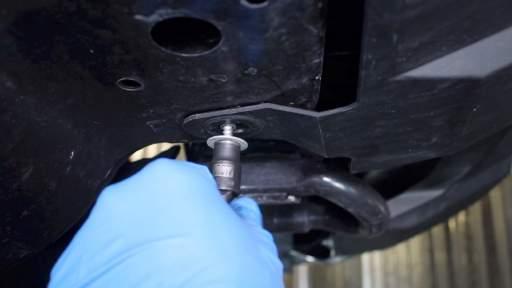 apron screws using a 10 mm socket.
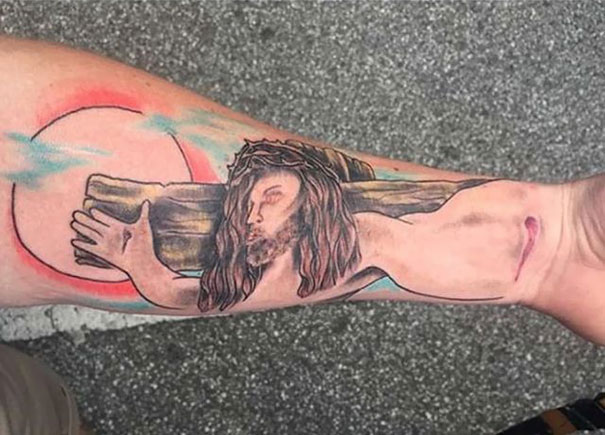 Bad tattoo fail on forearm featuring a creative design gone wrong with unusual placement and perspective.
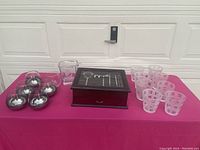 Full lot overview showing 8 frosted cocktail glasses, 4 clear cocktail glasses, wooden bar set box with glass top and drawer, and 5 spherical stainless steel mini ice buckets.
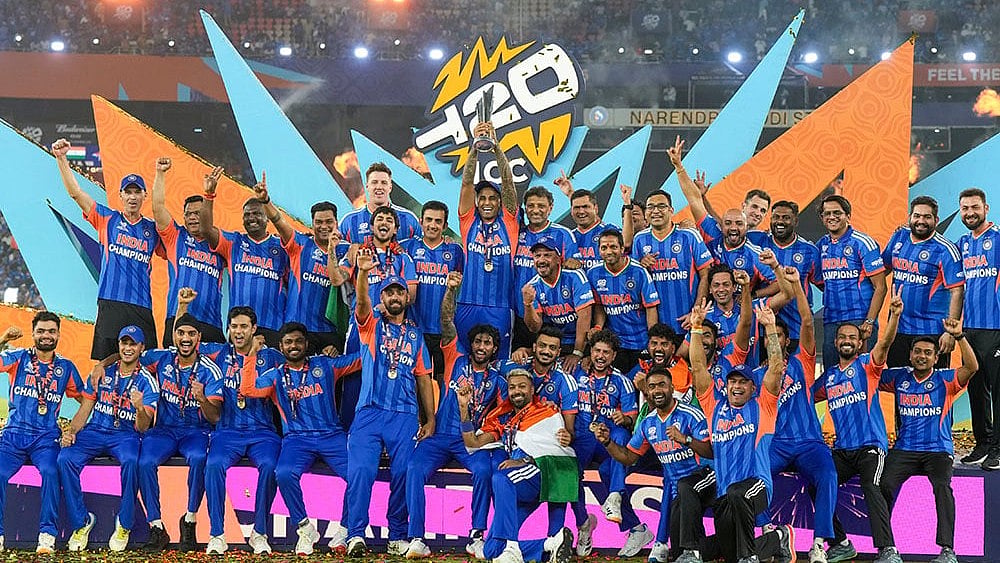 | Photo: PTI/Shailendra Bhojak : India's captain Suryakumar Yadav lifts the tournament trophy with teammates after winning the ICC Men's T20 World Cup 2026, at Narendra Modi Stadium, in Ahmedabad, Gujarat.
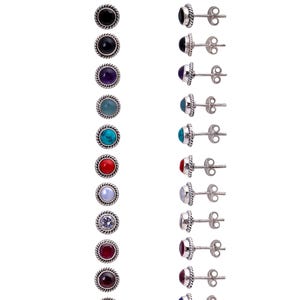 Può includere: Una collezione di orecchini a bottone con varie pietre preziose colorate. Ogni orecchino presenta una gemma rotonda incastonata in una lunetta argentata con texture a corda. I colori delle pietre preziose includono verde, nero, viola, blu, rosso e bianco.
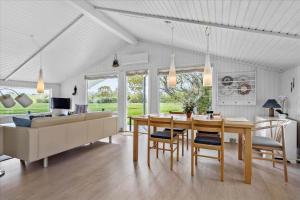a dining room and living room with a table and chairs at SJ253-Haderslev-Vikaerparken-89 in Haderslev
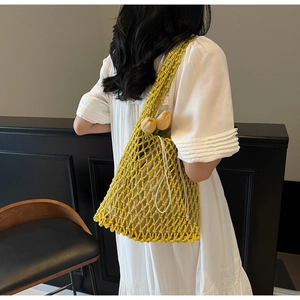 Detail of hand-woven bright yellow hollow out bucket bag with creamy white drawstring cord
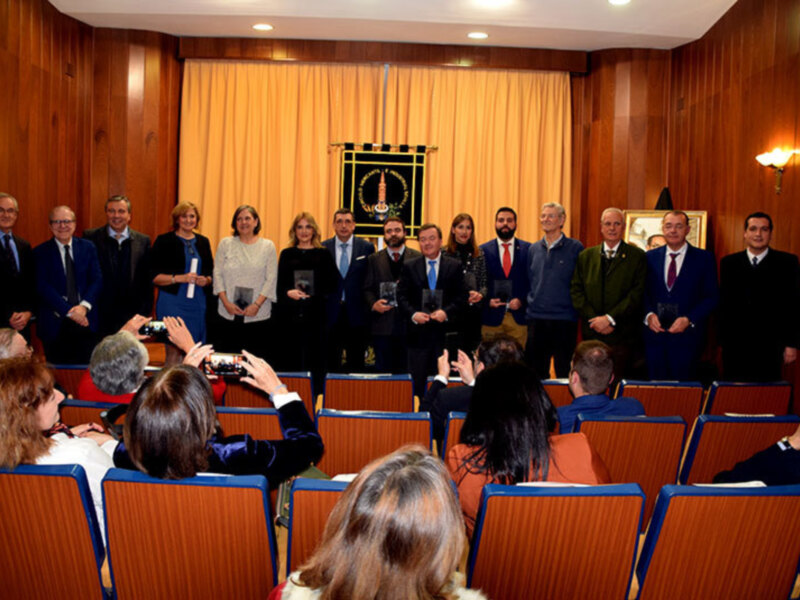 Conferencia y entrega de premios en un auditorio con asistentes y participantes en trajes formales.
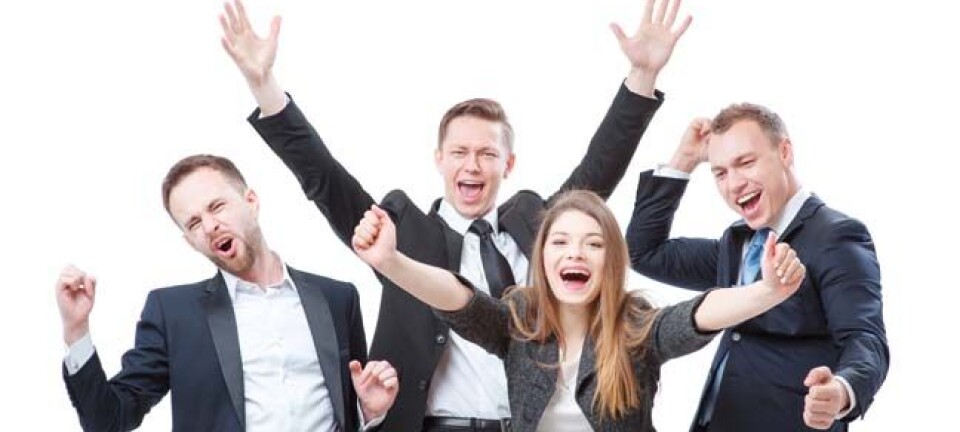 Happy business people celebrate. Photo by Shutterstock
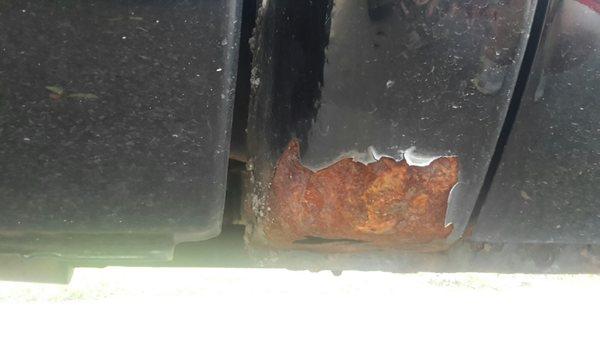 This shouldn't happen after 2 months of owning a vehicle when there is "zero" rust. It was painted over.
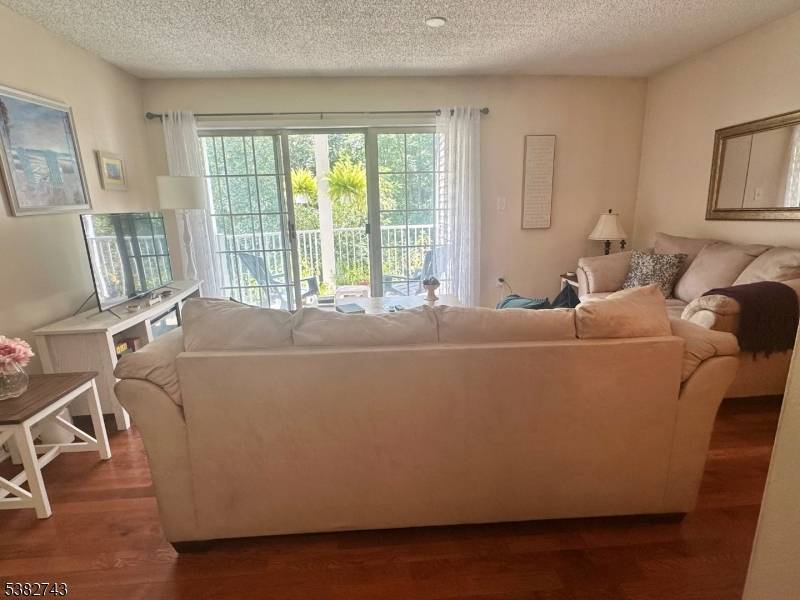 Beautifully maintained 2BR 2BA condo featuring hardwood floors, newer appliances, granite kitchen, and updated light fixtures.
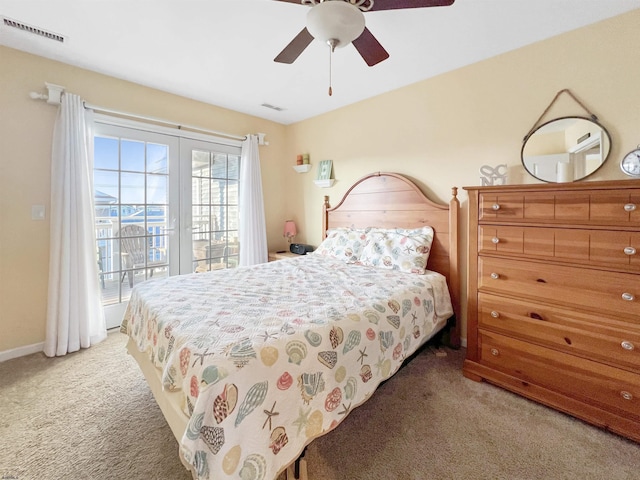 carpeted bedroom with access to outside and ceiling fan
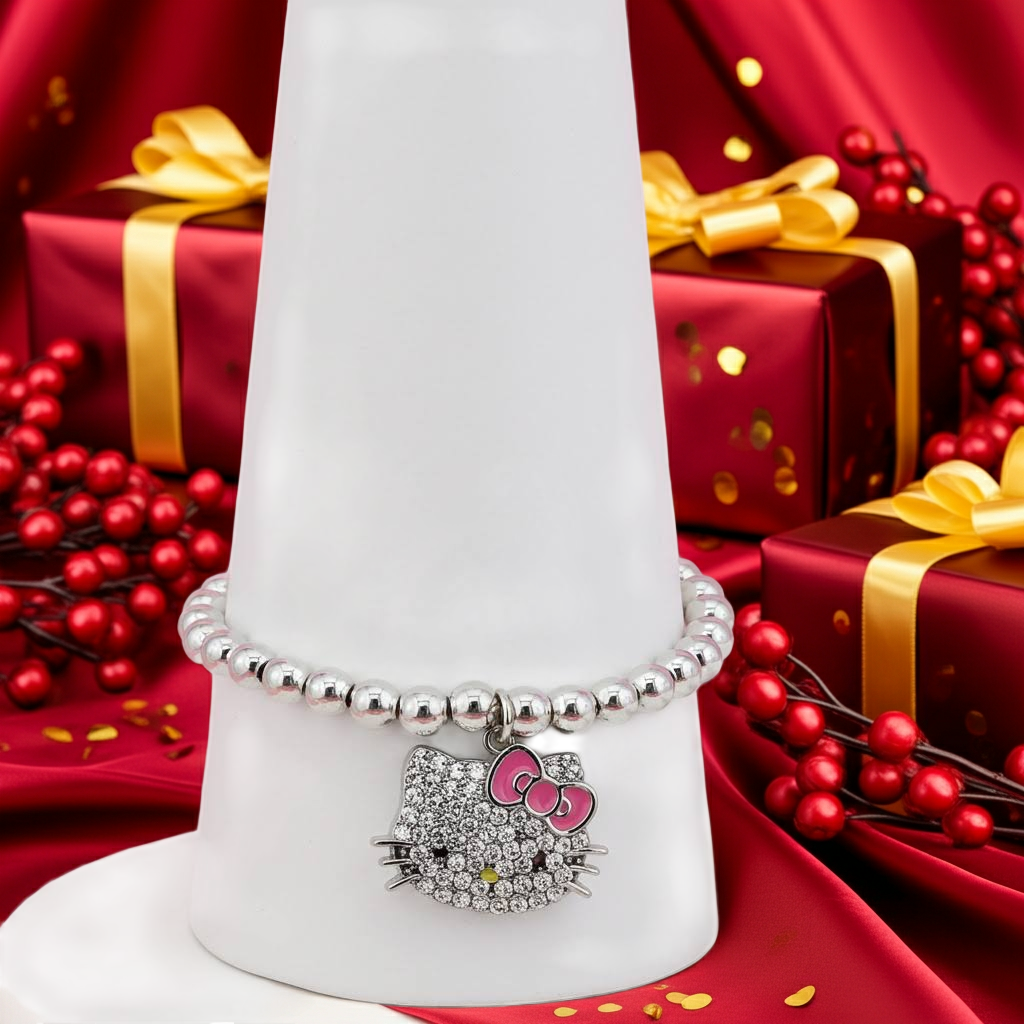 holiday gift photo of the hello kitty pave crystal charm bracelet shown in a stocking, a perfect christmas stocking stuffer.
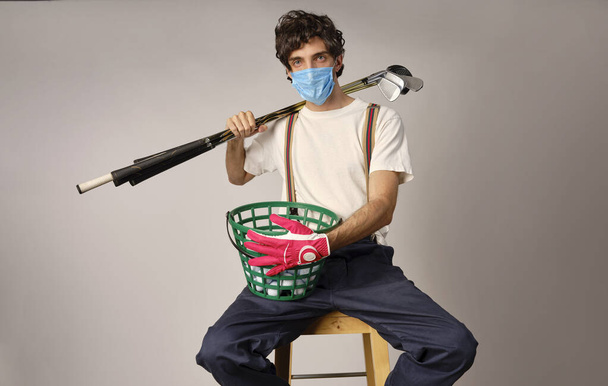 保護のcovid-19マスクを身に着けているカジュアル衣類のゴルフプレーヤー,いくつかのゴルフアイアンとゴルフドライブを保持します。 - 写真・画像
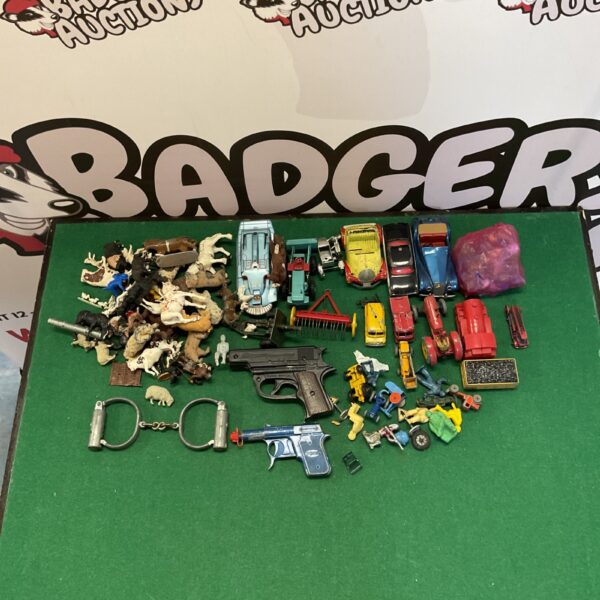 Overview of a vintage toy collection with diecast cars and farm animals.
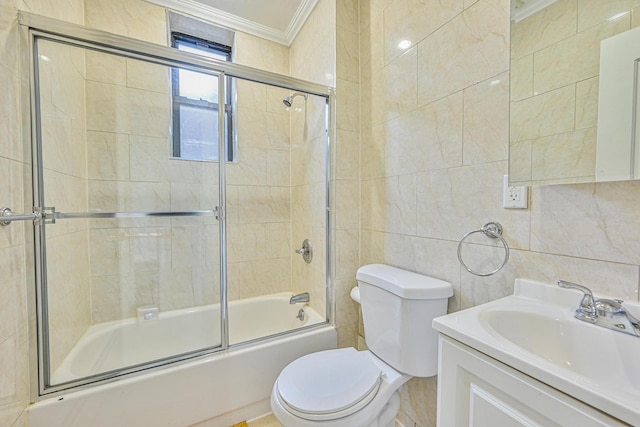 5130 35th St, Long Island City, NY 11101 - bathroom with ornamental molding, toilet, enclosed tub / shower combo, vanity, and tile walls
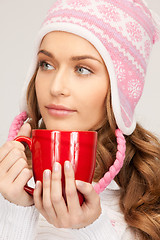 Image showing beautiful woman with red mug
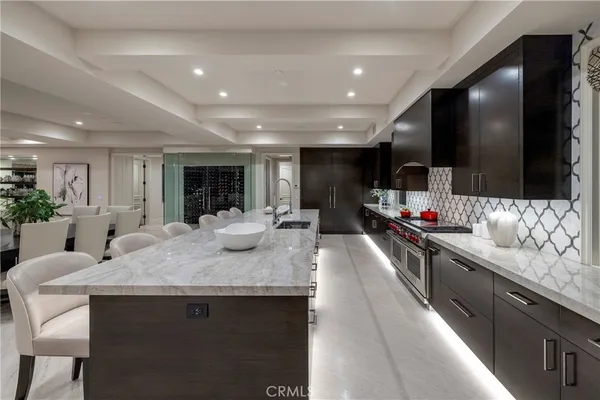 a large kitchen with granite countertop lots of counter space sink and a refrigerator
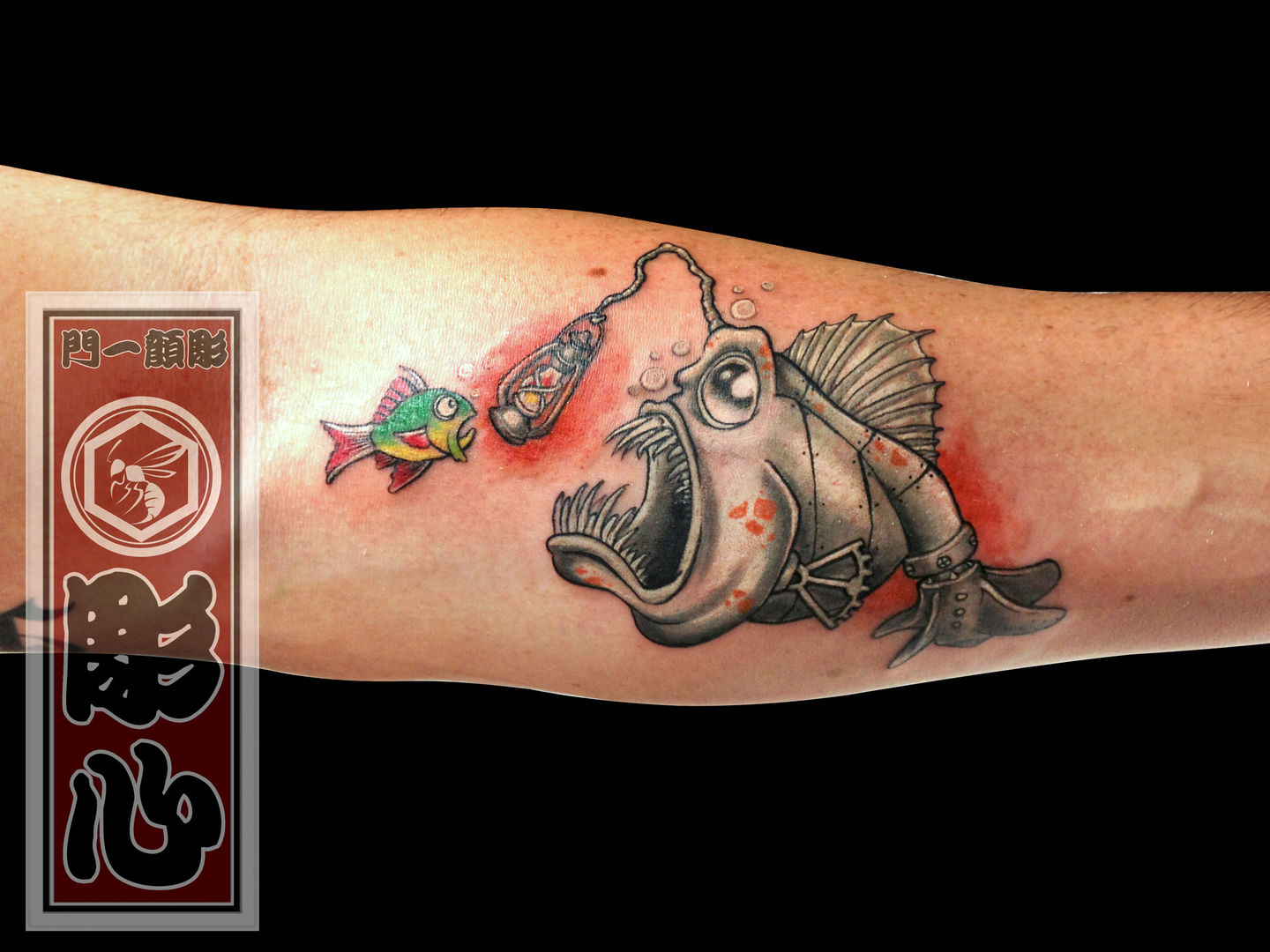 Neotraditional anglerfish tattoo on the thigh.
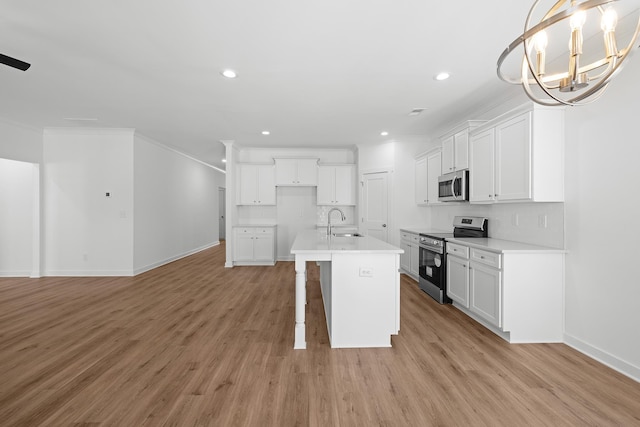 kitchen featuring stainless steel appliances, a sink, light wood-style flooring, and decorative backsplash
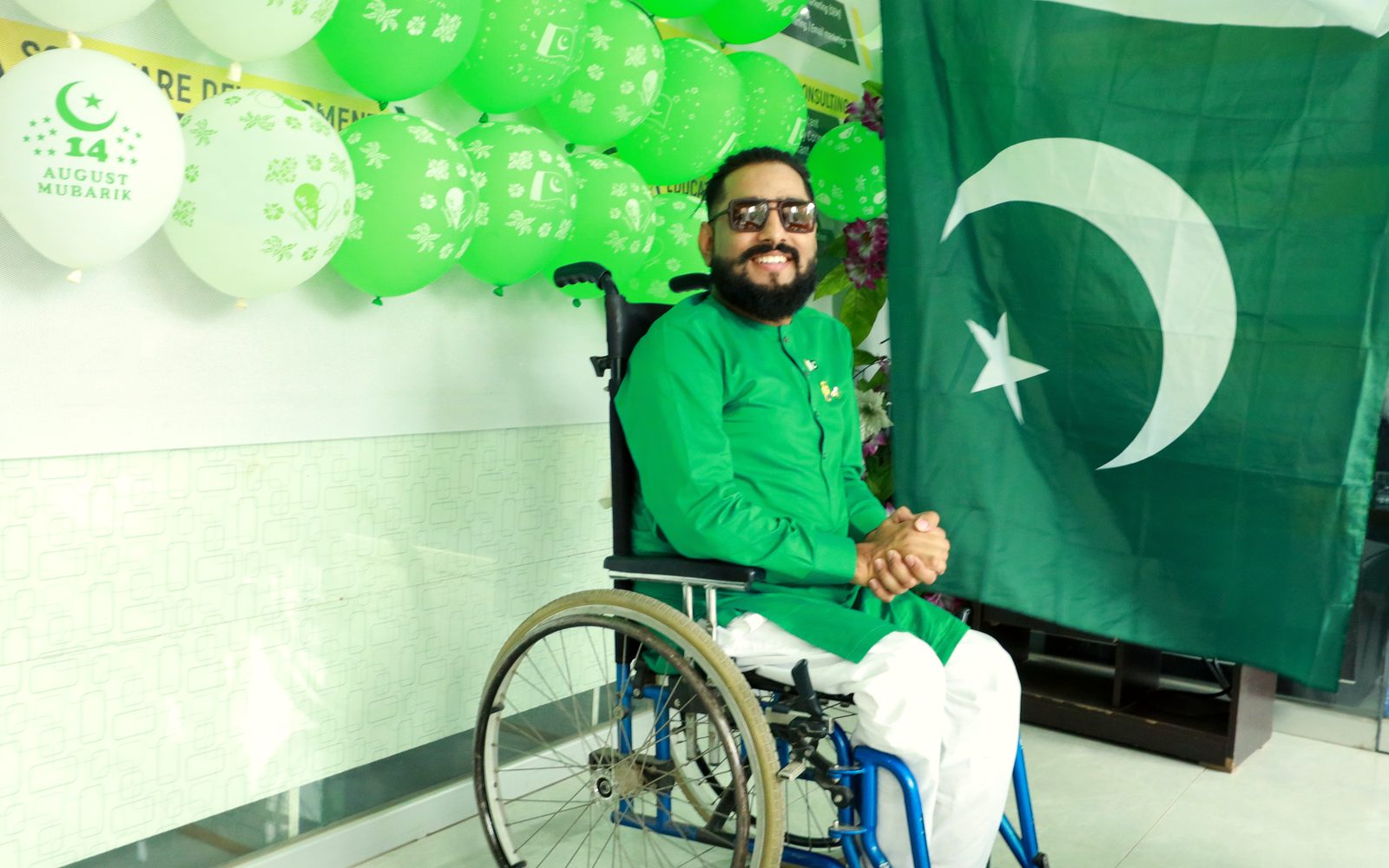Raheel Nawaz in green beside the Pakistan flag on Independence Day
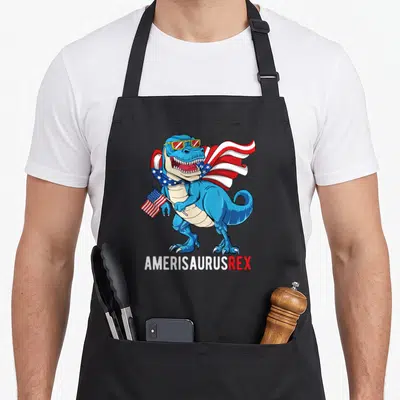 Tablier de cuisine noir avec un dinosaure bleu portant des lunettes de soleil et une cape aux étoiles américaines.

(REQUIRED WORK):
Please write out, exactly, every line from the line with "Beautifully maintained 2BR" through the final line of the data above, leaving out pictures.

(TASK RESULT):
 Beautifully maintained 2BR 2BA condo featuring hardwood floors, newer appliances, granite kitchen, and updated light fixtures.
 carpeted bedroom with access to outside and ceiling fan
 holiday gift photo of the hello kitty pave crystal charm bracelet shown in a stocking, a perfect christmas stocking stuffer.
 保護のcovid-19マスクを身に着けているカジュアル衣類のゴルフプレーヤー,いくつかのゴルフアイアンとゴルフドライブを保持します。 - 写真・画像
 Overview of a vintage toy collection with diecast cars and farm animals.
 5130 35th St, Long Island City, NY 11101 - bathroom with ornamental molding, toilet, enclosed tub / shower combo, vanity, and tile walls
 Image showing beautiful woman with red mug
 a large kitchen with granite countertop lots of counter space sink and a refrigerator
 Neotraditional anglerfish tattoo on the thigh.
 kitchen featuring stainless steel appliances, a sink, light wood-style flooring, and decorative backsplash
Raheel Nawaz in green beside the Pakistan flag on Independence Day
 Tablier de cuisine noir avec un dinosaure bleu portant des lunettes de soleil et une cape aux étoiles américaines.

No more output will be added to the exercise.